Rapid Climate Change
What then of the rest of the Phanerozoic? Earth history is typically divided into “icehouse” with pronounced polar glaciations and “greenhouse”, when polar ice has been absent or negligible. How reasonable is it to suppose that Earth history has been dominated by these extreme states over long periods of time? It is of course undeniable that the Earth has experienced periods of extreme warming – as evidenced by crocodiles and ferns near the poles during the Late Cretaceous – but do these records prove a continuous state of “greenhouse” conditions for large episodes of geological time? Or is palaeoclimate more variable than has been suspected and there have been episodic ‘cold-snaps’ in greenhouse times, leading to polar ice-sheet expansion and reduction, giving resultant changes in sea level? Recent compilations of palaeotemperature proxies would suggest that the latter is indeed the case.

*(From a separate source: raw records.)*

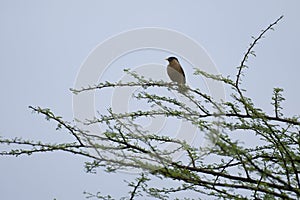 Brahminy starling perched on the babul tree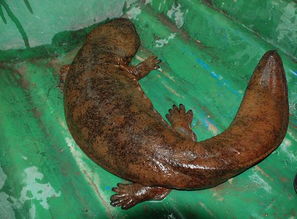 蠑螈和娃娃魚(yú)有什么不同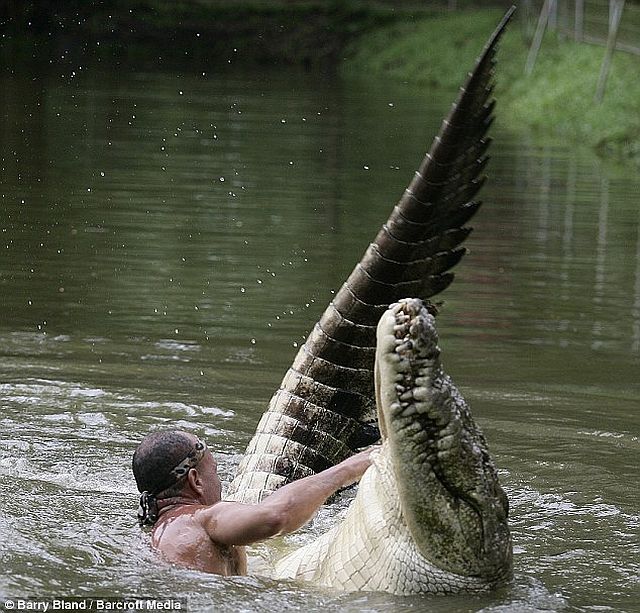 Incredible friendship between a crocodile and a human (4 pics)
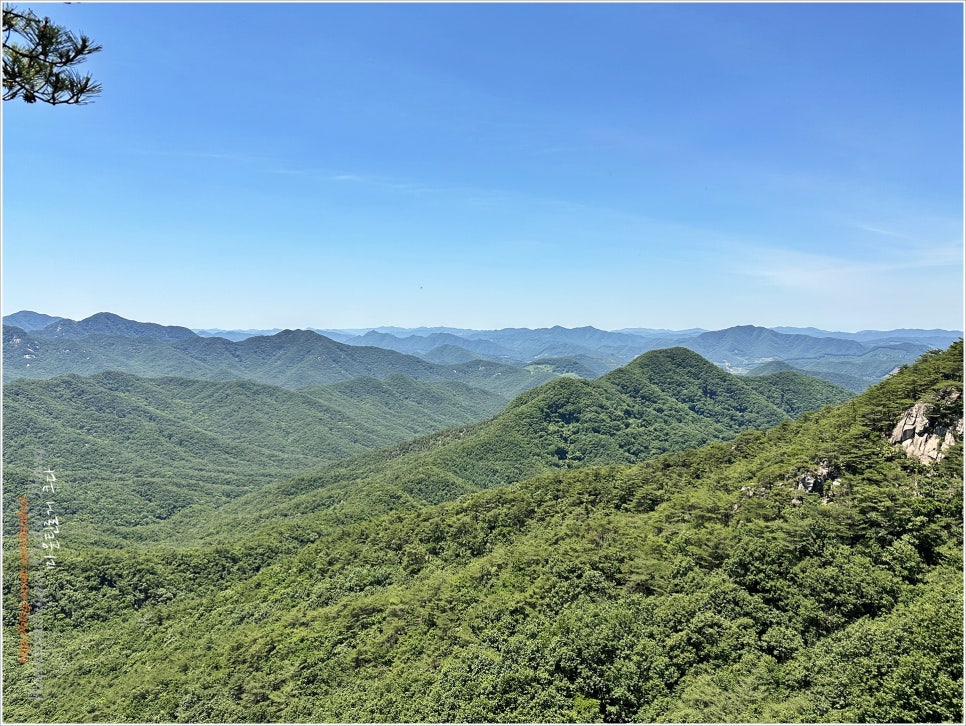 사랑산 37 of 괴산46산 / 사랑스럽네 사랑산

There is a growing body of evidence to support the presence of volumetrically significant polar ice during what is commonly regarded as greenhouse times. This includes direct physical evidence within sediments, like dropstones and tillites, and proxy evidence, such as isotope records and glendonites. What is remarkable is that short-term (3rd order) eustatic sea level changes seem to show a correlation with isotope proxy records of palaeotemperature – it is hard to imagine such a coincidence without recourse to glacio-eustasy. Longer term sea level cycles can in part be ascribed to tectonic events, whilst, as argued by Bryan Lovell in a recent Presidential Address to the Geological Society, magmatic underplating of the crust could cause relatively rapid and high frequency regional sea level changes. These need to be differentiated from genuine eustatic signals.
A Consistent Framework
The concepts of eustatic sea level change are old ones, but improvements in the resolution of stratigraphic calibration, together with more rigorous sequence stratigraphic analysis of numerous successions worldwide, means that a consensus on a eustatic sea level model throughout the Phanerozoic is possible. Furthermore, the pace and magnitude of eustatic sea level change and its coincidence with shifts in palaeoclimatic proxy data suggest that glacio-eustasy may well be a key driving mechanism, even in supposed “greenhouse” times.
A eustatic sea level model has powerful benefits for the industry by providing a consistent framework for correlation, facies mapping and the prediction of petroleum systems components. It also provides better selection of play analogues and aids the pursuit of global plays.